Google App Engine TextProperty and UTF-8: When to

2019-04-01 00:05发布

问题:

I am on Google App Engine 2.5 with Django Template and Webapp Frame.

The db.TextProperty and UTF-8 and Unicode and Decode/Encode have confused me so much. I would really appreciate some experts can offer some suggestions. I have googled for the whole night and still have so many questions.

What I am trying to do:

[utf-8 form input] => [Python, Store in db.TextProperty] => [When Needed, Replace Japanese with English] => [HTML, UTF-8]

According to this answer Zipping together unicode strings in Python

# -*- coding: utf-8 -*-

and all .py files saved in utf-8 format

Here is my code:

#Model.py
class MyModel(db.Model):
  content = db.TextProperty()

#Main.py
def post(self):
    content=cgi.escape(self.request.get('content'))
    #what is the type of content? Unicode? Str? or Other?
    obj = MyModel(content=content)
    #obj = MyModel(content=unicode(content))
    #obj = MyModel(content=unicode(content,'utf-8'))
    #which one is the best?
    obj.put()

#Replace one Japanese word with English word in the content
content=obj.content
#what is the type of content here? db.Text? Unicode? Str? or Other?
#content=unicode(obj.content, 'utf-8') #Is this necessary?
content=content.replace(u'ひと',u'hito')

#Output to HTML
self.response.out.write(template.render(path, {'content':content})
#self.response.out.write(template.render(path, {'content':content.encode('utf-8')})

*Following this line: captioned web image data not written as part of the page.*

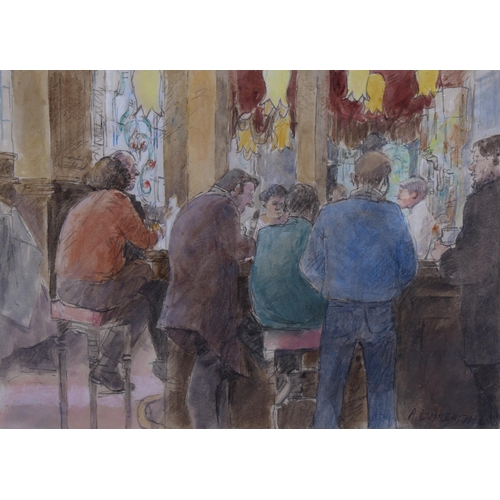 129 - Audrey Lanceman (born 1931), pub interior, watercolour, signed, 16cm x 23cm, framed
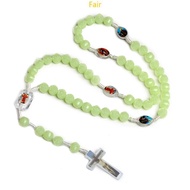 Fair glowing in Dark Rosary Necklace Home Church Yoga Room Decorations
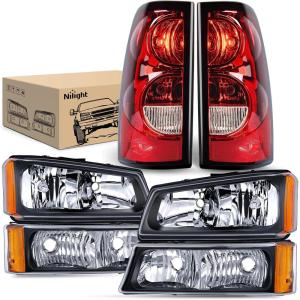 Nilight Headlight and Taillight Assembly Combo Compatible with 2003 2004 2005 2006 Chevy Silverado 1500 1500HD 2500 2500HD 3500 2007 Chevy Silverado 1500 2500 3500 Classic OE Style(Black Housing + Amber Reflector + Taillight)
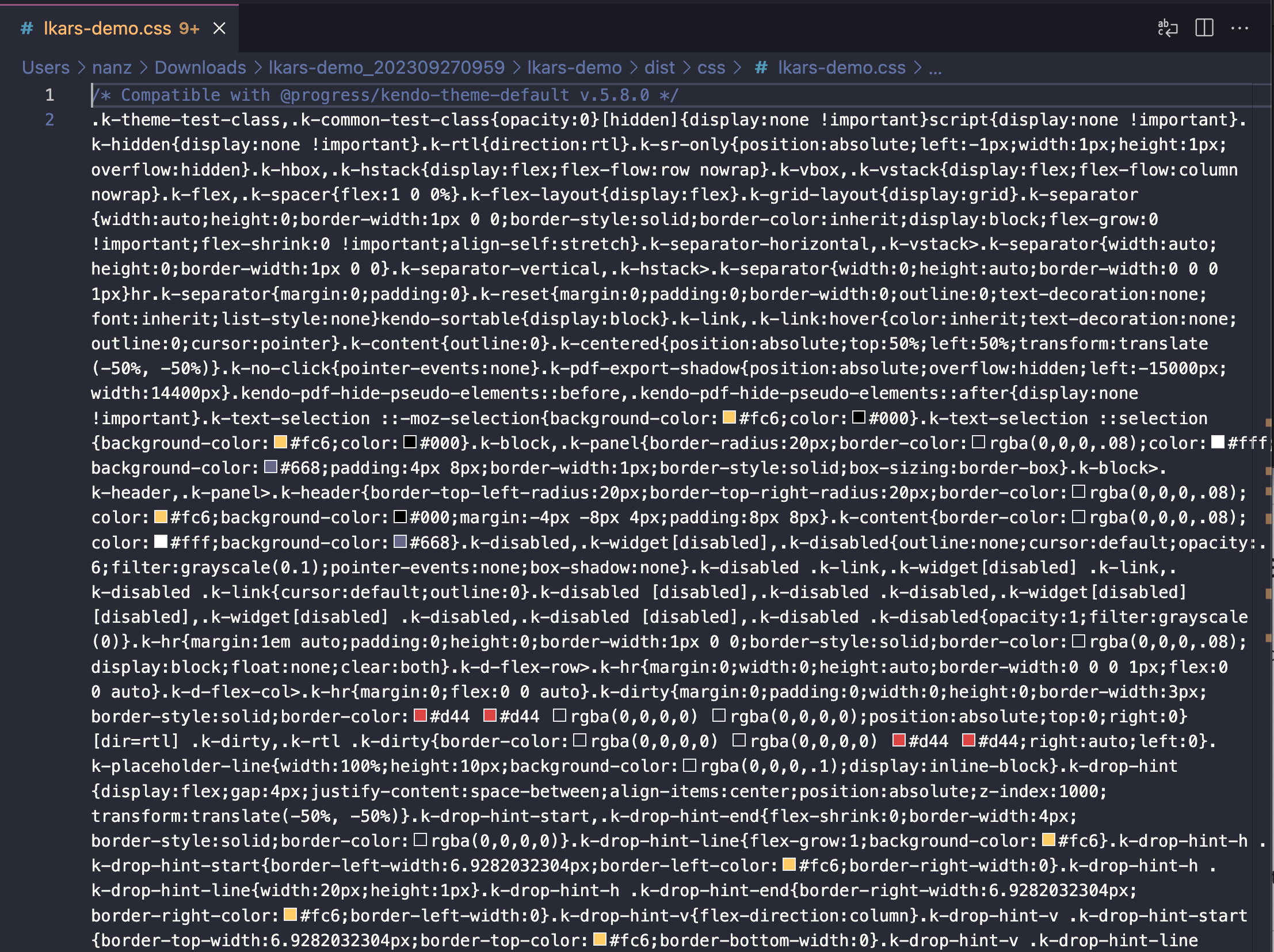 Example of minified vanilla CSS exported by the ThemeBuilder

Hope some Google App Engine engineer can see this question and offer some help. Thanks a lot!

回答1:

First, read this. And this.

In a nutshell, whenever you're dealing with a text string in your app, it should be a unicode string. You should encode into a byte string (an instance of 'str' instead of 'unicode') when you want to send data as bytes - for instance, over HTTP, and you should decode from a byte string when you receive bytes that represent text (and you know their encoding). The only operations you should ever be doing on a byte string that contains encoded text are to decode or encode them.

Fortunately, most frameworks get this right; webapp and webapp2, for instance (I can see you're using webapp) should return unicode strings from all the request methods, and encode any strings you pass to them appropriately. Make sure all the strings you're responsible for are unicode, and you should be fine.

Note that a byte string can store any sort of data - encoded text, an executable, an image, random bytes, encrypted data, and so forth. Without metadata, such as the knowledge that it's text and what encoding it's in, you cannot sensibly do anything with it other than store and retrieve it.

Don't ever try to decode a unicode string, or encode a byte string; it will not do what you expect, and things will go horribly wrong.

Regarding the datastore, db.Text is a subclass of unicode; to all intents and purposes it is a unicode string - it's only different so the datastore can tell it shouldn't be indexed. Likewise, db.Blob is a subclass of str, for storing byte strings.



回答2:

Try

db.Text("text", encoding="utf-8")

it helps me to save the utf-8 text into the TextProperty()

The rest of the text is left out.